BEGIN Records to process
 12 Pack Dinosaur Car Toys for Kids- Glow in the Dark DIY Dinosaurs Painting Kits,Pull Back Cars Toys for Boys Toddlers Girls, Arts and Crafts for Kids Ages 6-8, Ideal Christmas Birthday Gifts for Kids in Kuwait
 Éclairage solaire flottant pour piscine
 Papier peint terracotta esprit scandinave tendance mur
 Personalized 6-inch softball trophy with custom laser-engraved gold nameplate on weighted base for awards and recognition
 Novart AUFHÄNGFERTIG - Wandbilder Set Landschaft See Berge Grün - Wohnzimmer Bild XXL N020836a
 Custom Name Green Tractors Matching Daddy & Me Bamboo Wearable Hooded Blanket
END Records to process
BEGIN Records to process
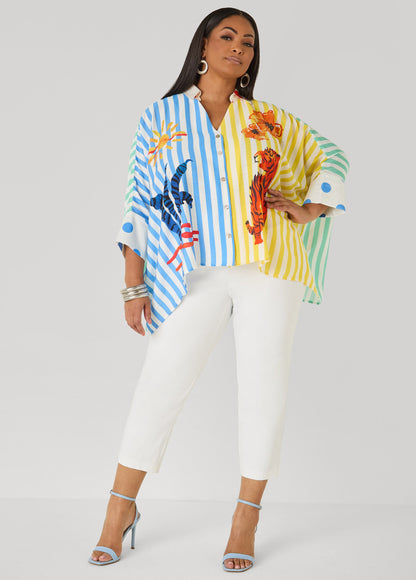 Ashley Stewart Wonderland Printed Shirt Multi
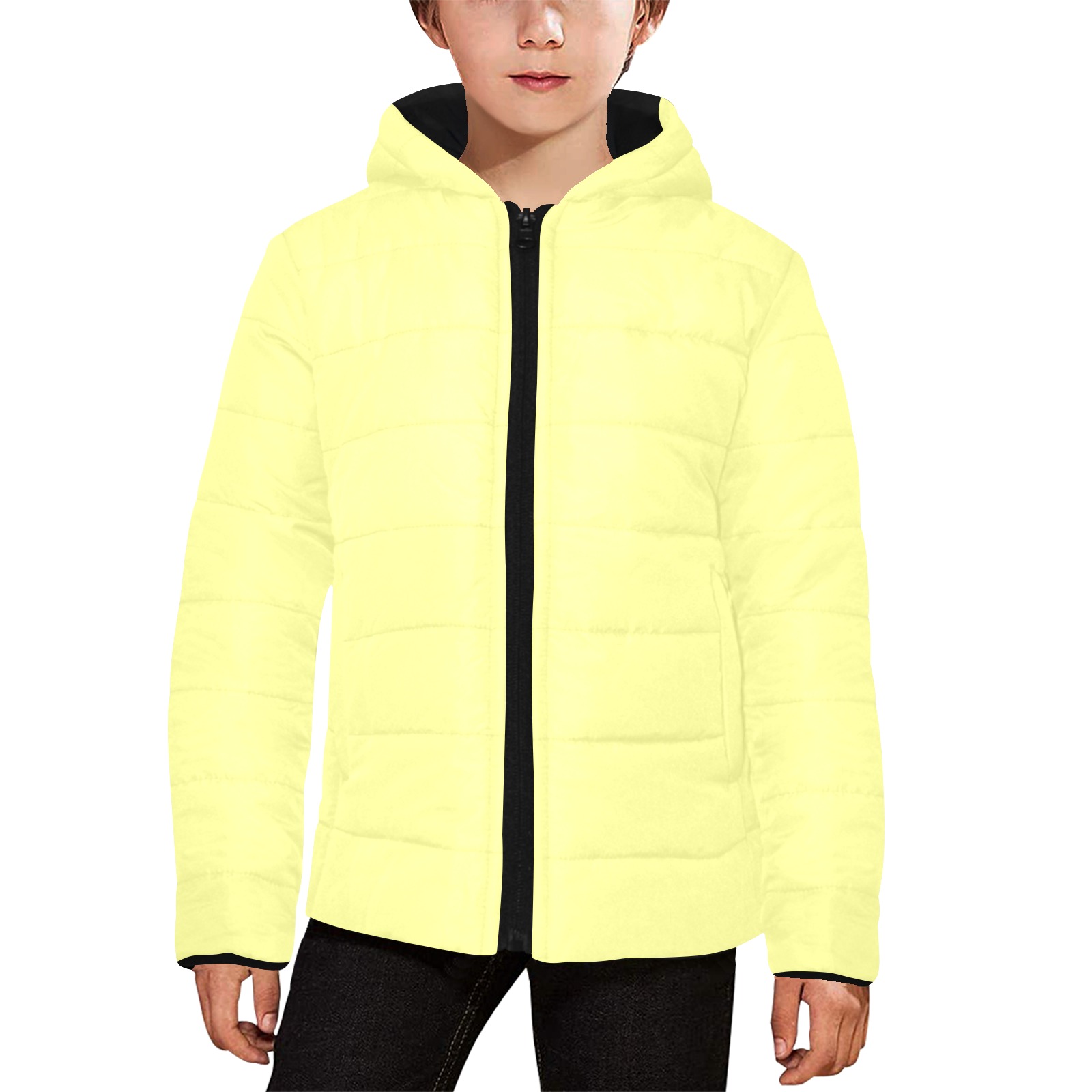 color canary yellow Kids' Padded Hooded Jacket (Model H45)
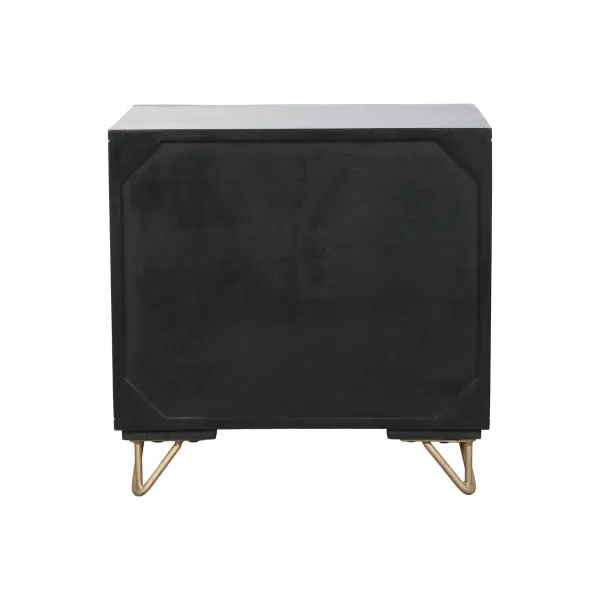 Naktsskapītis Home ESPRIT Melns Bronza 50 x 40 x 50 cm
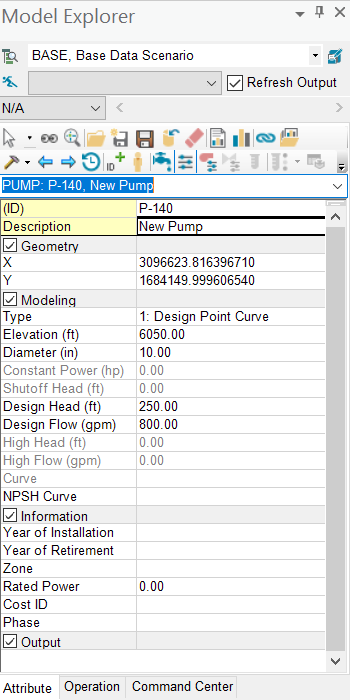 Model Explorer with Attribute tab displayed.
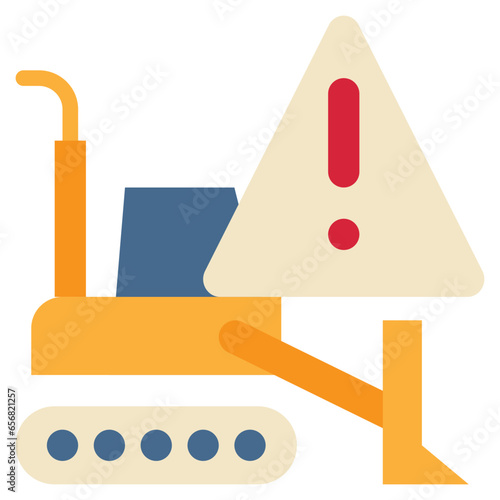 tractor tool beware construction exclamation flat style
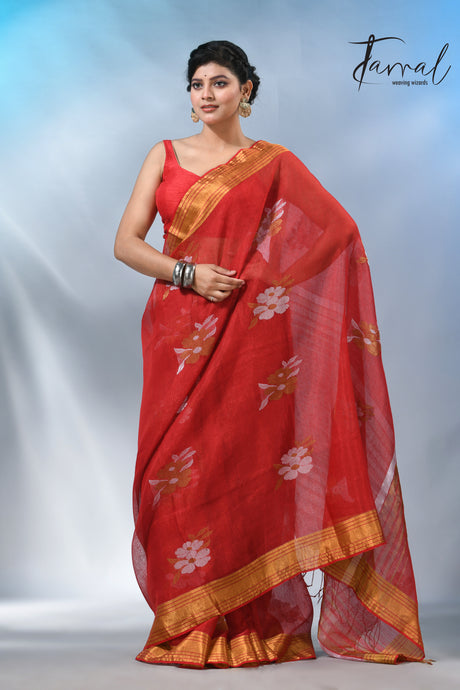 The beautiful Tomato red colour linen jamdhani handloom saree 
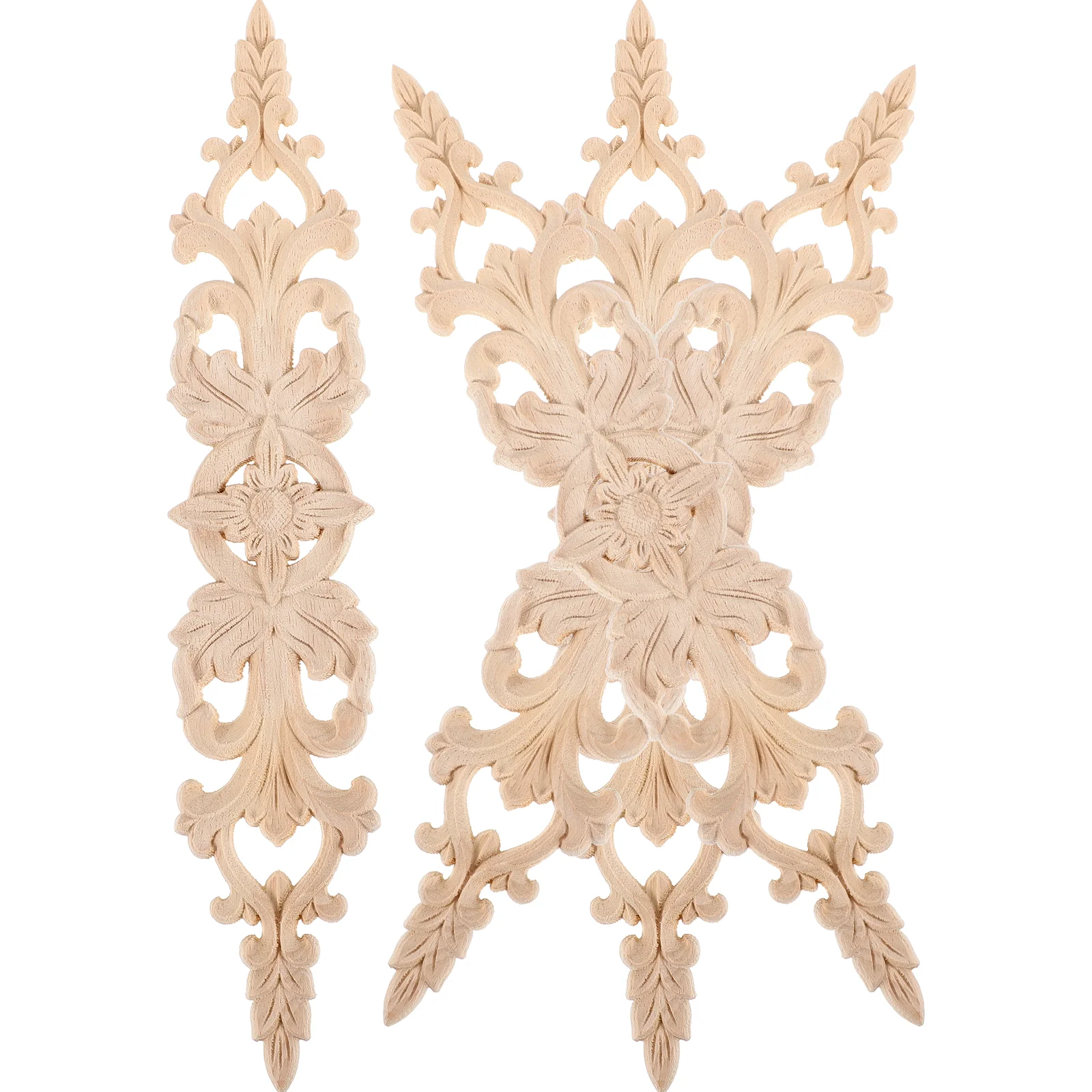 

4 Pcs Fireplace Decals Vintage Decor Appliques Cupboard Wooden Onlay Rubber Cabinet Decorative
END Records to process
BEGIN Records to process
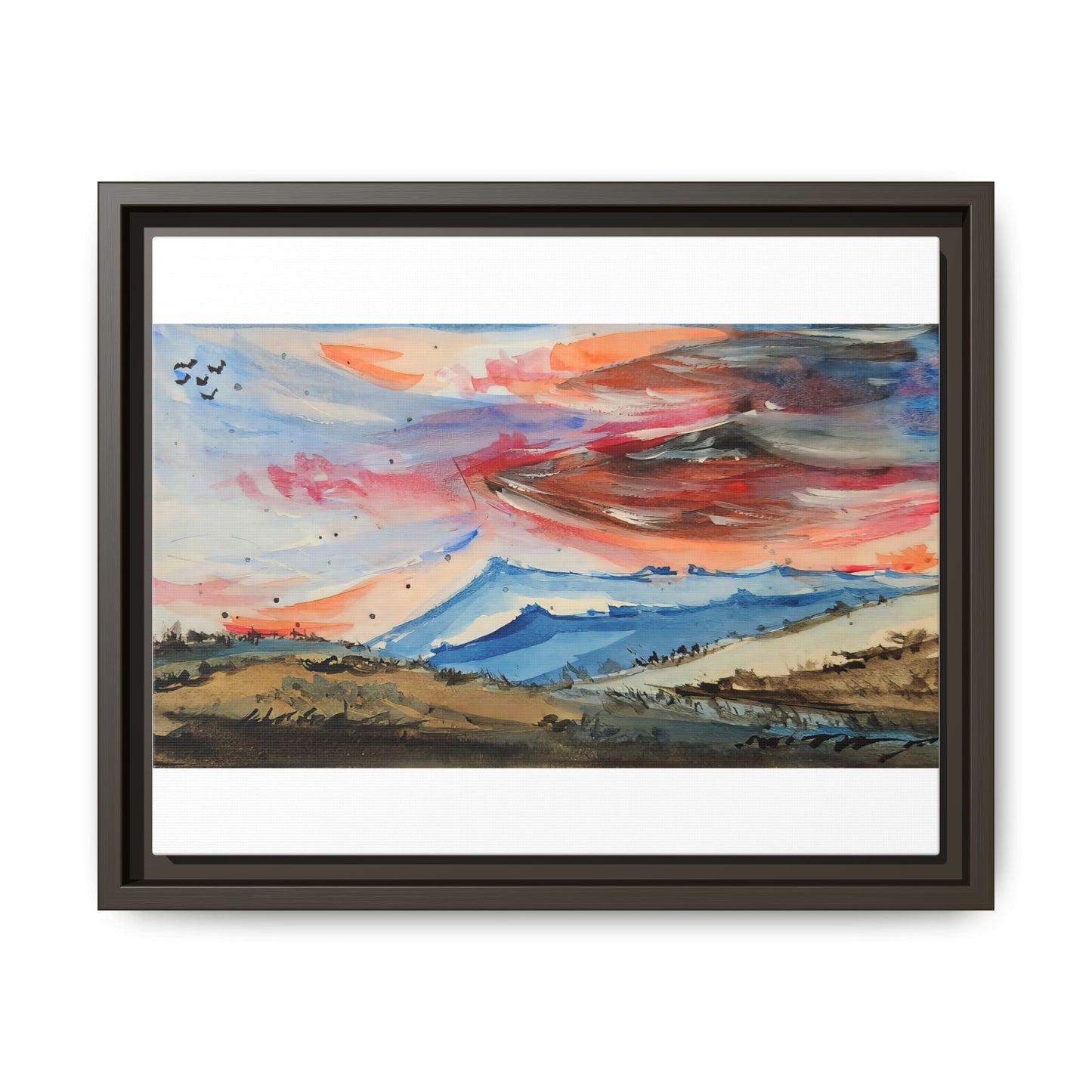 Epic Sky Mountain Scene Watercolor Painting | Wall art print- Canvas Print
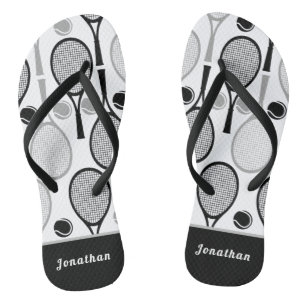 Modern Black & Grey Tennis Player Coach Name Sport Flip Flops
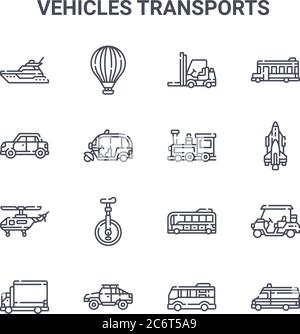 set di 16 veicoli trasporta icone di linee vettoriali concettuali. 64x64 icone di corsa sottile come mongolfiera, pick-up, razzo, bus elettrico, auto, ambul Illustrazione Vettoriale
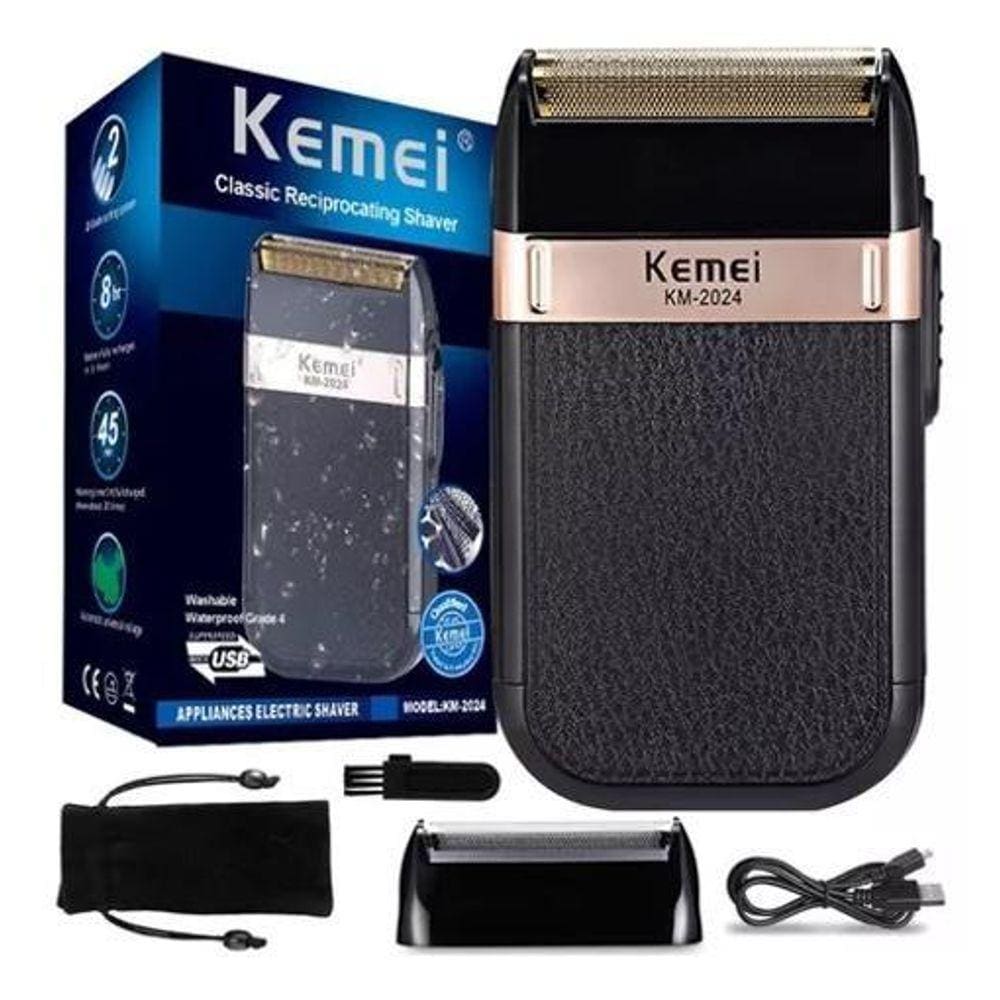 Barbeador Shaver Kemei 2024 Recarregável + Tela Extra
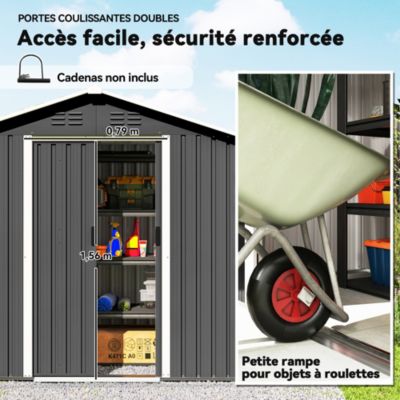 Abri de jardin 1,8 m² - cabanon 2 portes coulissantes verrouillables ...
END Records to process
In the entries above, find the line with "Barbeador Shaver Kemei" and the line with "Abri de jardin". Return exactly those lines and all the ones between them, pictures excluded.

 Barbeador Shaver Kemei 2024 Recarregável + Tela Extra
 Abri de jardin 1,8 m² - cabanon 2 portes coulissantes verrouillables ...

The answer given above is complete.